#### [Problem requirements]
Since the pictures are not wanted, copy only the text of every record exactly.

#### [Stored data]

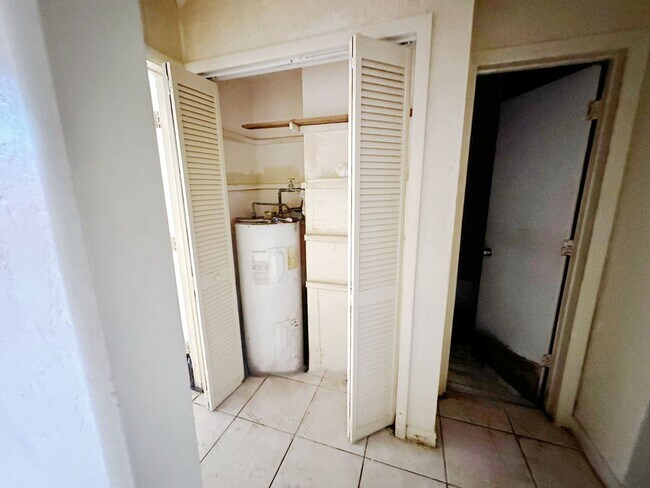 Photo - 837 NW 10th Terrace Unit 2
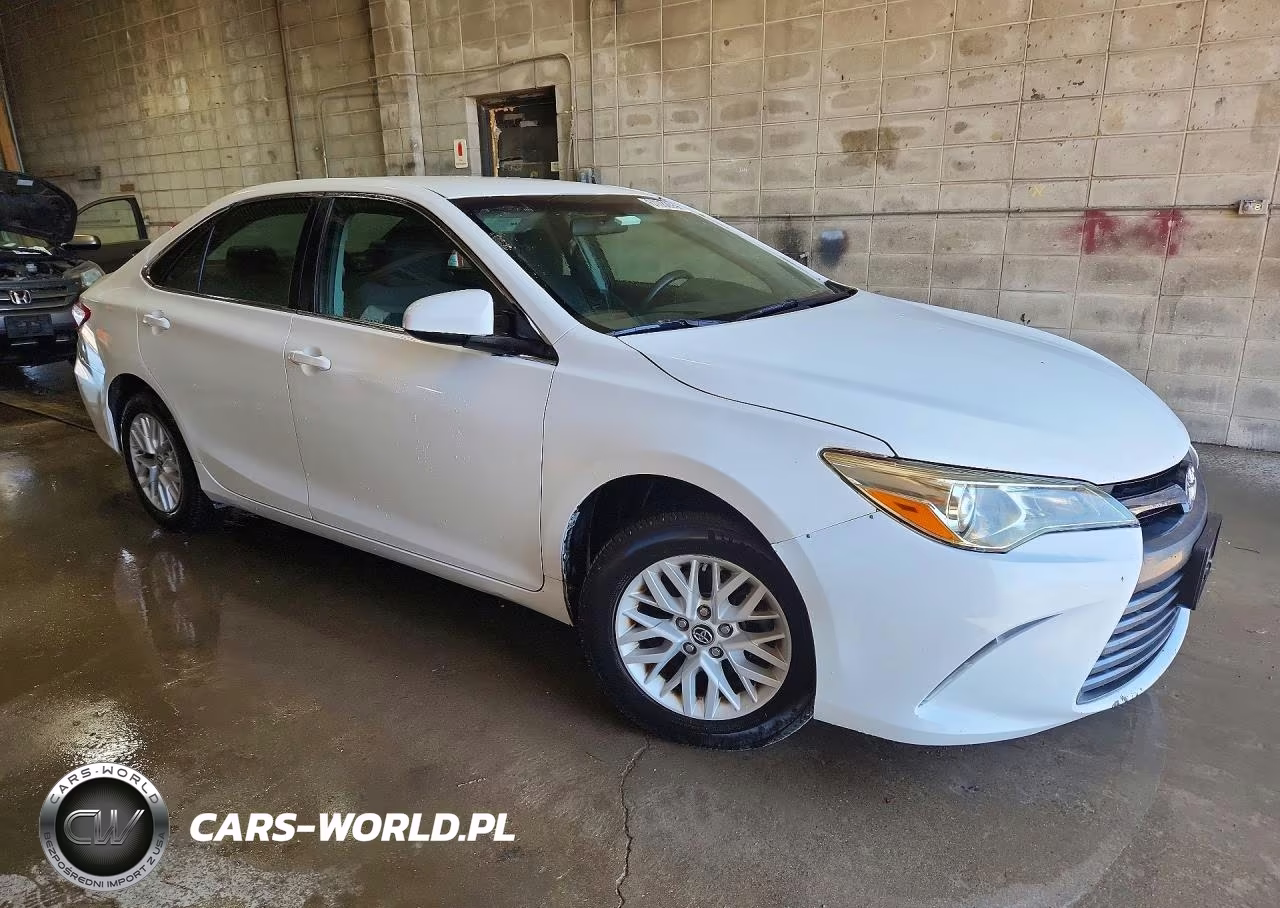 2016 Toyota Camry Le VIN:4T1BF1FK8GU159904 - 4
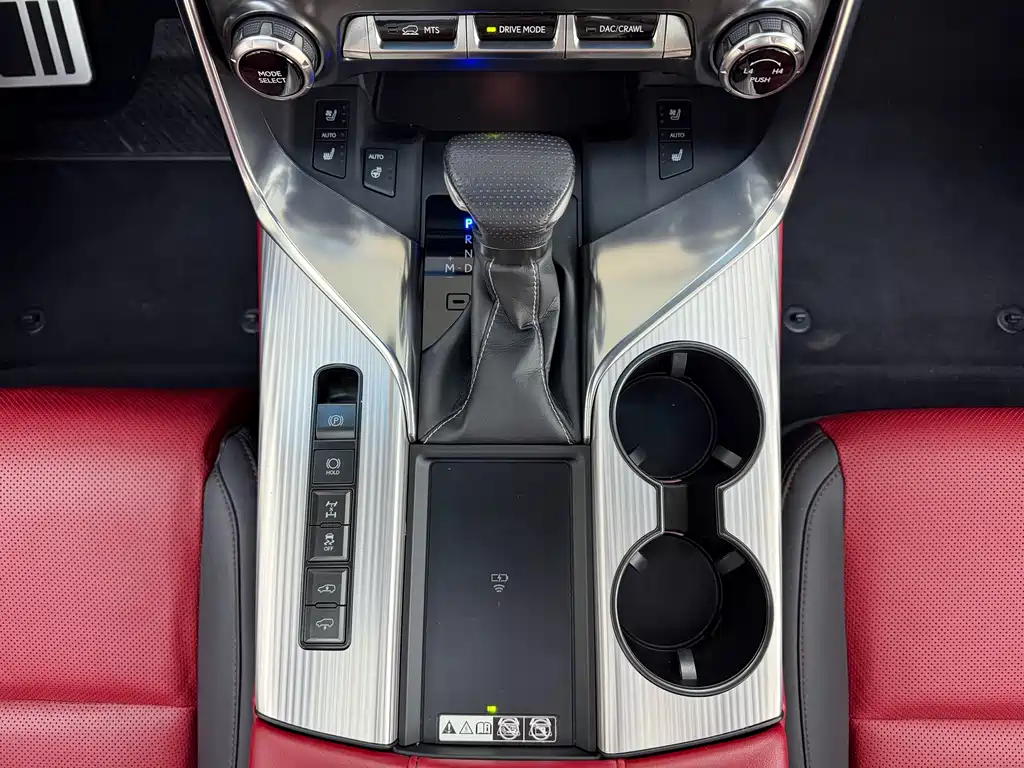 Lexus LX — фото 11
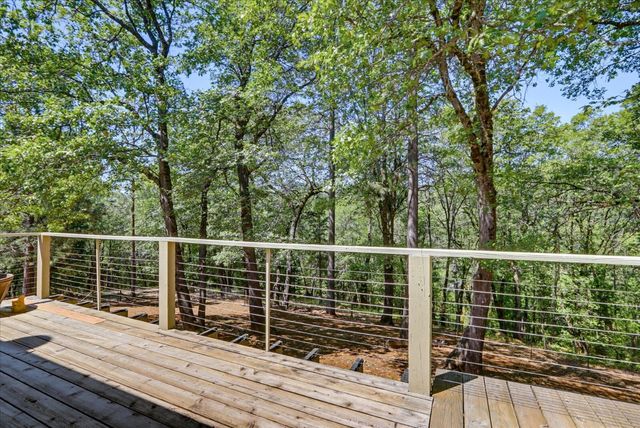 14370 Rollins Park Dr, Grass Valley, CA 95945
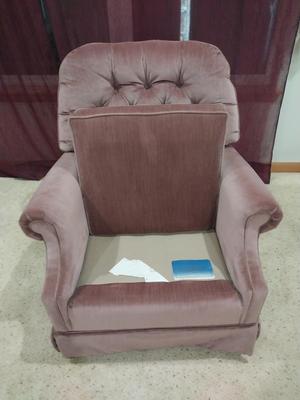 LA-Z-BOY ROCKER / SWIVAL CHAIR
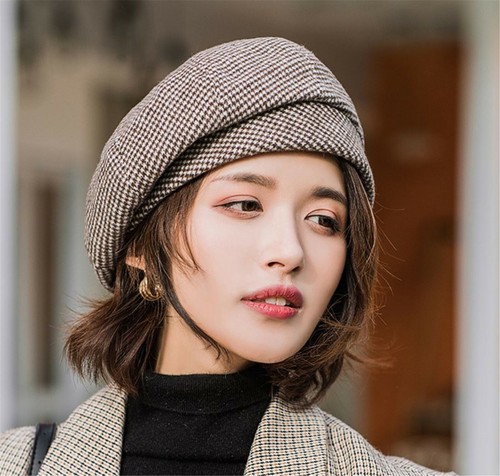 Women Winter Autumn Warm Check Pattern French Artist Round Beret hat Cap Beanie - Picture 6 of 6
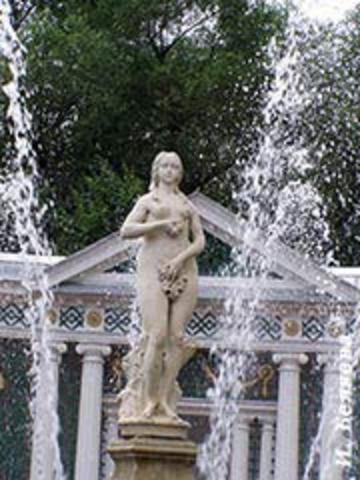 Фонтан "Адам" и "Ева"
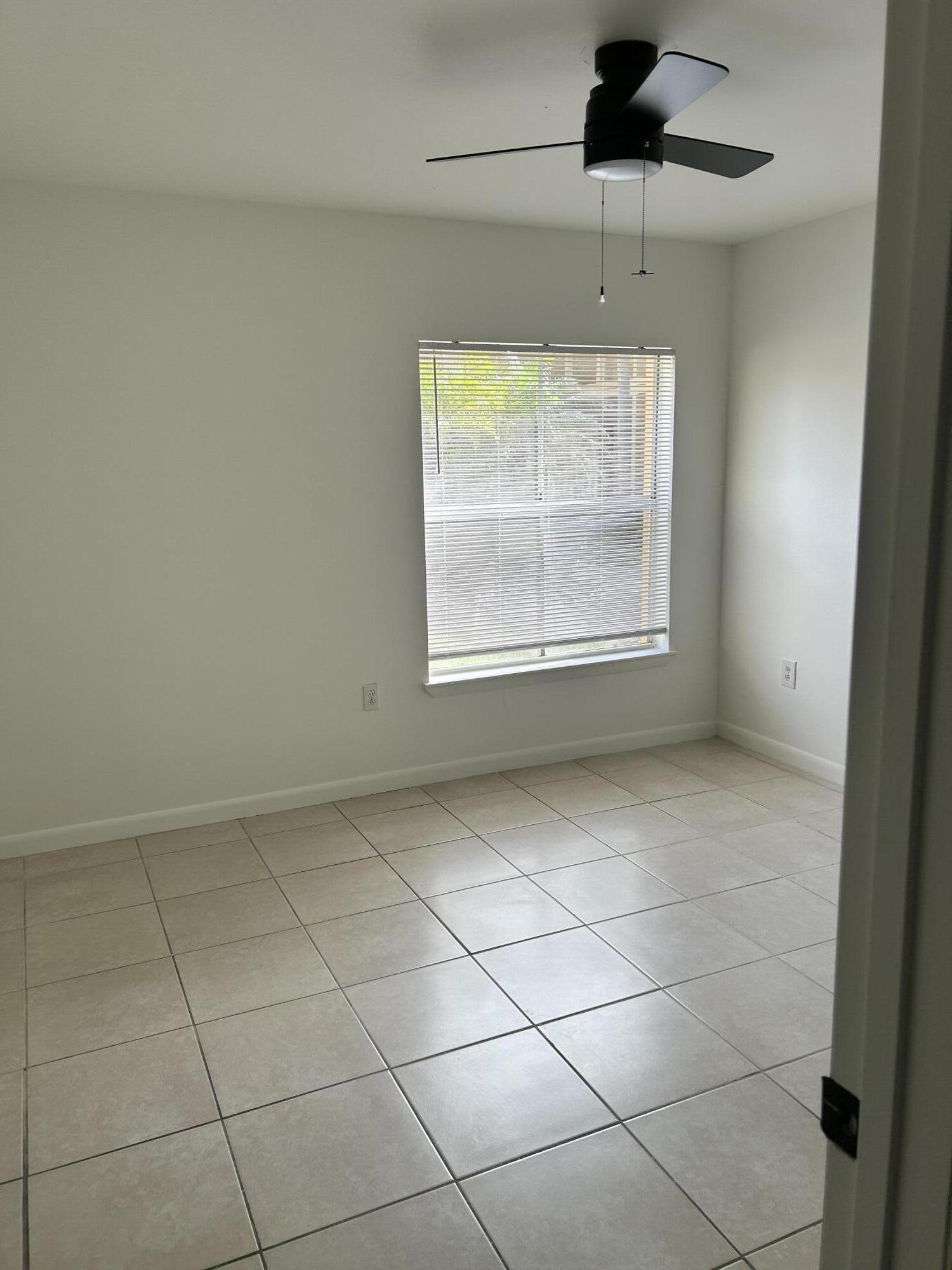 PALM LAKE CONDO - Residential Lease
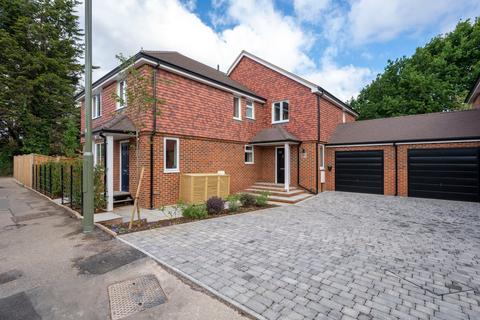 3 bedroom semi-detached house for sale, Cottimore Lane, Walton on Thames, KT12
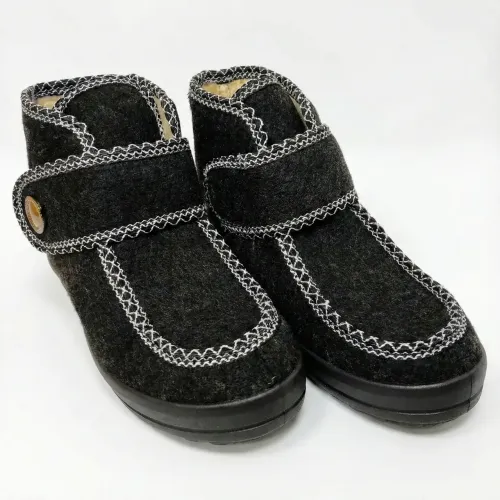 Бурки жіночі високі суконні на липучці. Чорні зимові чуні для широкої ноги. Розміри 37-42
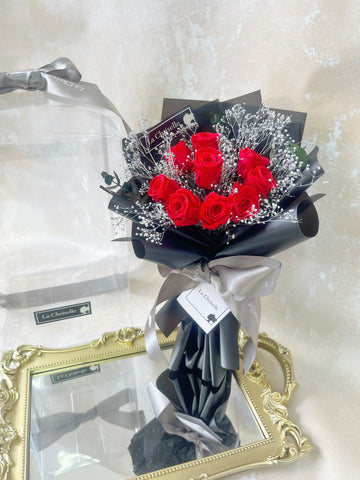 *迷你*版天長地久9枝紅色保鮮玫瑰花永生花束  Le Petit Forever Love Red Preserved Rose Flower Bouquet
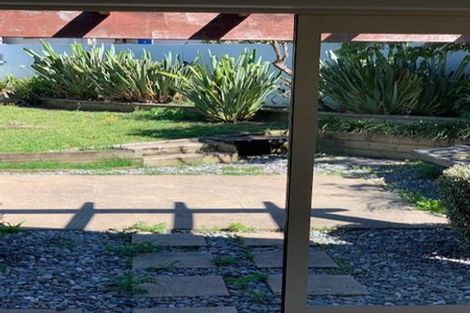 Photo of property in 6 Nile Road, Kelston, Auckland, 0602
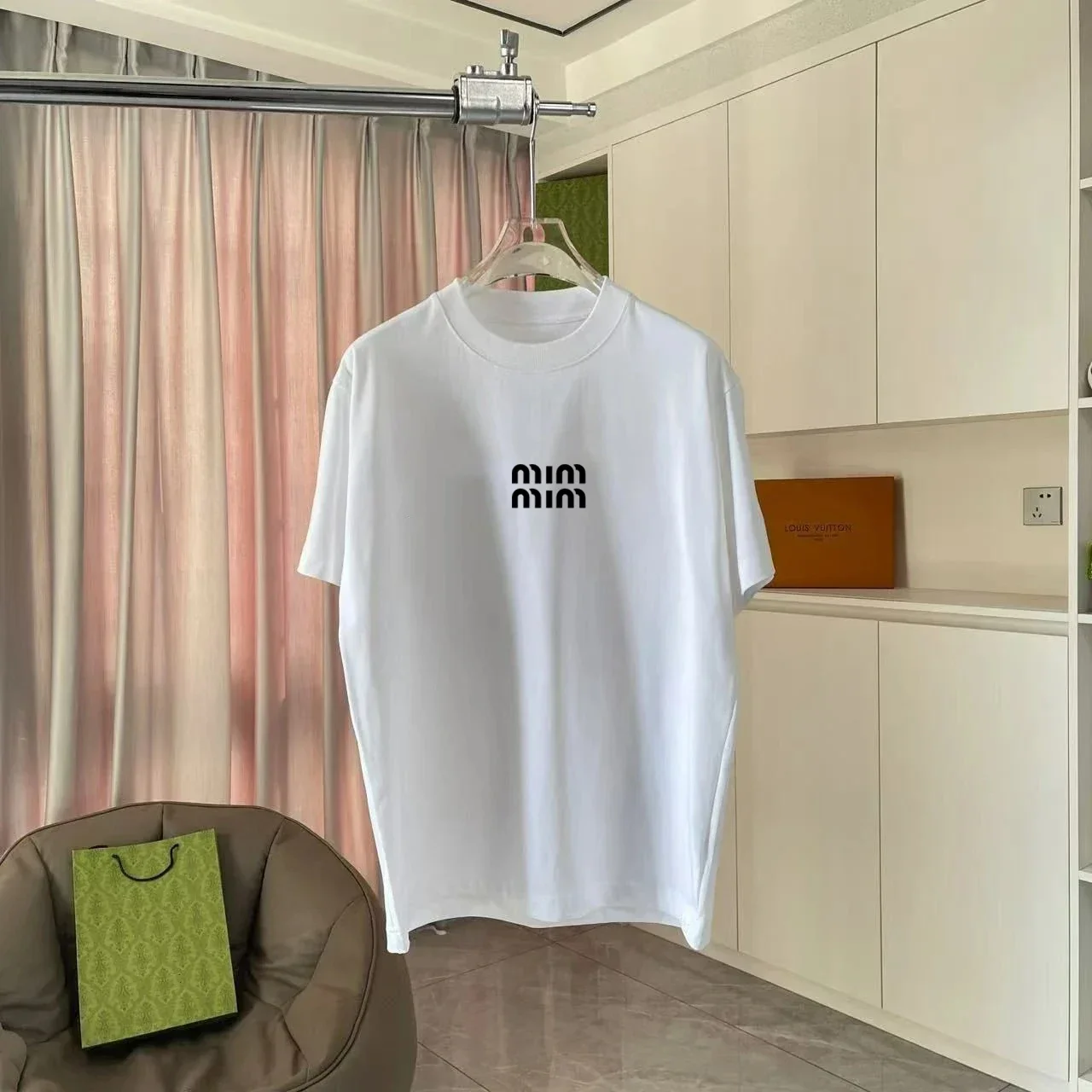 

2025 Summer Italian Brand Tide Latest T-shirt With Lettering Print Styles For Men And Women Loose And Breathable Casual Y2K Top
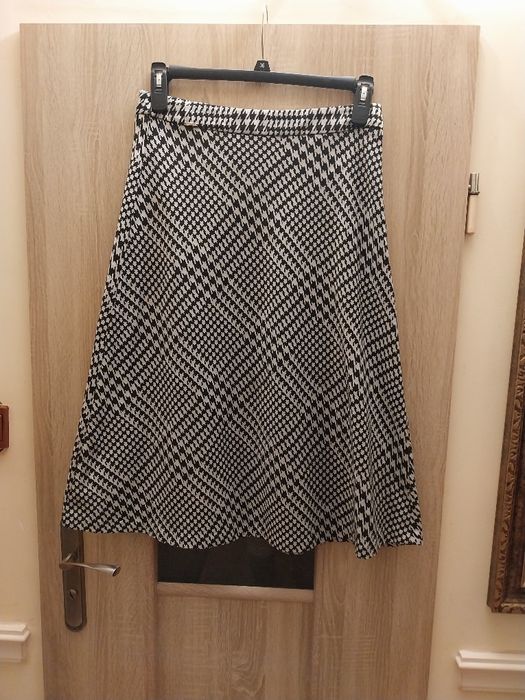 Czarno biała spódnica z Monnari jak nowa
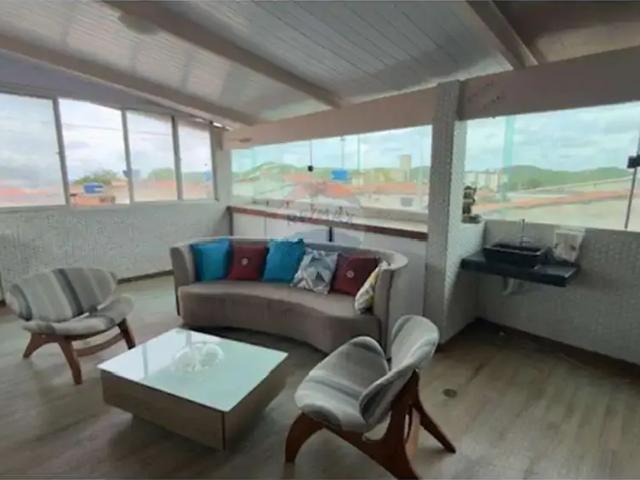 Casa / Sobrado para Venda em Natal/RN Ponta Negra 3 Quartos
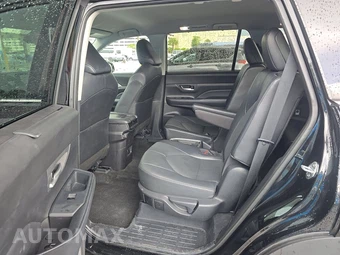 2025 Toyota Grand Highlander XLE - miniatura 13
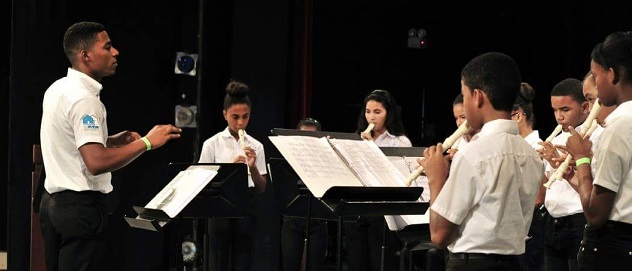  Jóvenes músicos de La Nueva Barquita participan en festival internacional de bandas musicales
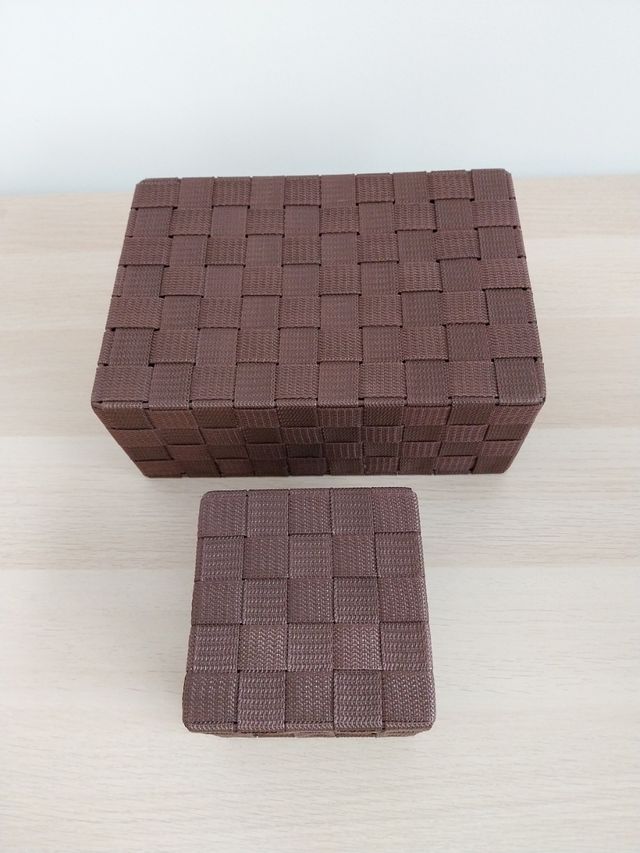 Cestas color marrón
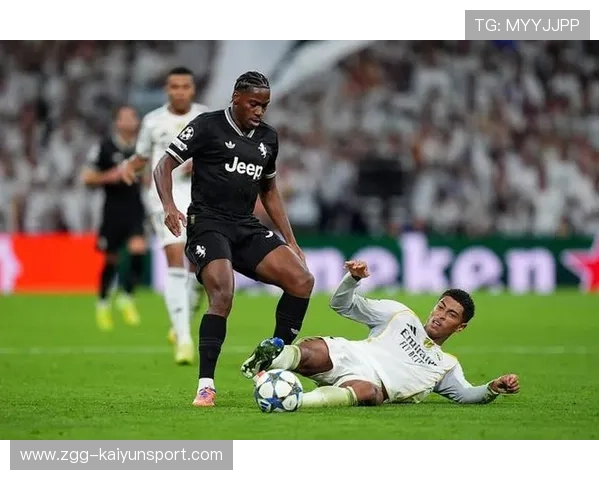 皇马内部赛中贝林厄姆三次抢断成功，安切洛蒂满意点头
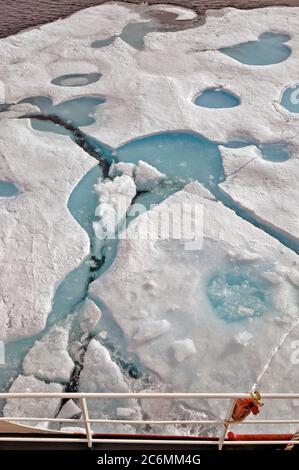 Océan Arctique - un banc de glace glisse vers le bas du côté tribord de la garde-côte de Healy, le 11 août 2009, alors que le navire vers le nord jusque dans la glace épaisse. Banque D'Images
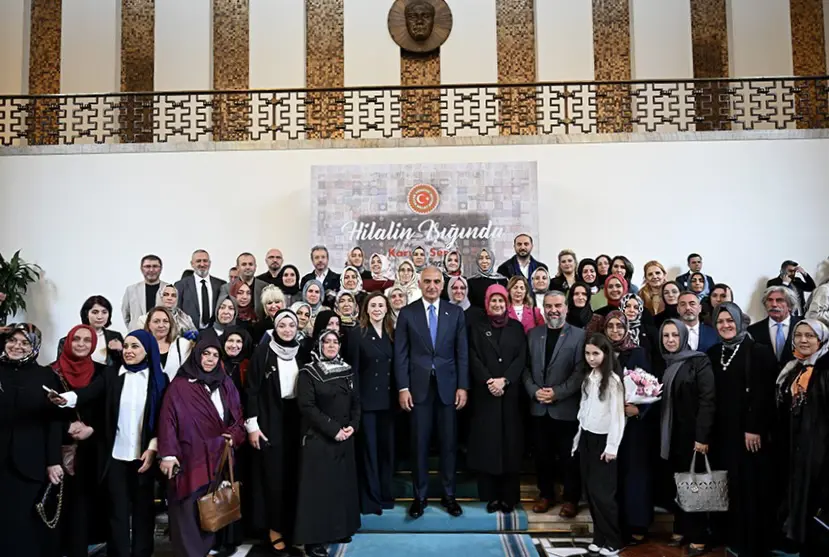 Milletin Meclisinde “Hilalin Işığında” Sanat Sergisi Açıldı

#### [Problem solution]
 Photo - 837 NW 10th Terrace Unit 2
 2016 Toyota Camry Le VIN:4T1BF1FK8GU159904 - 4
 Lexus LX — фото 11
 14370 Rollins Park Dr, Grass Valley, CA 95945
 LA-Z-BOY ROCKER / SWIVAL CHAIR
 Women Winter Autumn Warm Check Pattern French Artist Round Beret hat Cap Beanie - Picture 6 of 6
 Фонтан "Адам" и "Ева"
 PALM LAKE CONDO - Residential Lease
 3 bedroom semi-detached house for sale, Cottimore Lane, Walton on Thames, KT12
 Бурки жіночі високі суконні на липучці. Чорні зимові чуні для широкої ноги. Розміри 37-42
 *迷你*版天長地久9枝紅色保鮮玫瑰花永生花束  Le Petit Forever Love Red Preserved Rose Flower Bouquet
 Photo of property in 6 Nile Road, Kelston, Auckland, 0602

2025 Summer Italian Brand Tide Latest T-shirt With Lettering Print Styles For Men And Women Loose And Breathable Casual Y2K Top
 Czarno biała spódnica z Monnari jak nowa
 Casa / Sobrado para Venda em Natal/RN Ponta Negra 3 Quartos
 2025 Toyota Grand Highlander XLE - miniatura 13
  Jóvenes músicos de La Nueva Barquita participan en festival internacional de bandas musicales
 Cestas color marrón
 皇马内部赛中贝林厄姆三次抢断成功，安切洛蒂满意点头
 Océan Arctique - un banc de glace glisse vers le bas du côté tribord de la garde-côte de Healy, le 11 août 2009, alors que le navire vers le nord jusque dans la glace épaisse. Banque D'Images
 Milletin Meclisinde “Hilalin Işığında” Sanat Sergisi Açıldı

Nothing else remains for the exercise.